Last week, the SEC announced that it had settled an enforcement action with a brokerage firm that tried to do just that, by including this provision in its employee manual and related training:

Employees are also strictly prohibited from initiating contact with any Regulator without prior approval from the Legal or Compliance Department. This prohibition applies to any subject matter that might be discussed with a Regulator, including an individual’s registration status with FINRA. Any employee that violates this policy may be subject to disciplinary action by the Firm.

The manual defined “Regulator” to include the SEC. Meanwhile, the Code of Conduct said:

Nothing in this policy or any other Company policy or agreement is intended to prohibit you (with or without prior notice to the Company) from reporting to or participating in an investigation with a government agency or authority about a possible violation of law, or from making other disclosures protected by applicable whistleblower statutes.

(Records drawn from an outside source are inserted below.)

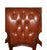 Vintage Louis XV style armchair featuring beautifully aged cognac leather upholstery with classic button tufting. The...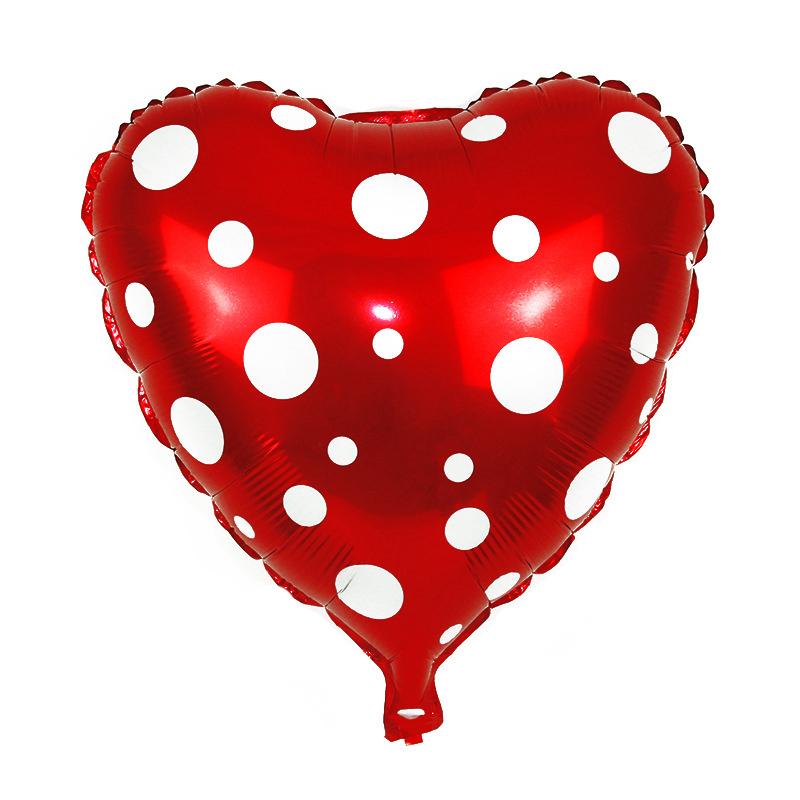 Metálico 18" Corazón Fucsia puntos Blanco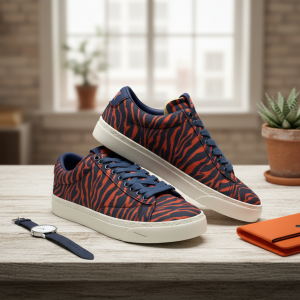 Nike Tiger Stripe Canvas Sneakers Navy Orange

That wasn’t enough to save the company from being tagged in the enforcement action – nor was the finding that no employees were actually prevented from communicating with the SEC about potential violations, or that the company took no action to actually enforce the restriction or prevent communications. Although the company didn’t admit or deny the findings in the SEC order, as part of the settlement they agreed to pay about $210k, revise the manual, alert their employees to the change, and promise not to do it again. See this Stinson blog for more details.

If you haven’t reviewed your employee manual and code of conduct lately, this is a good reminder to do so. If your comp committee is evolving into a “people committee,” they might have a hand in that.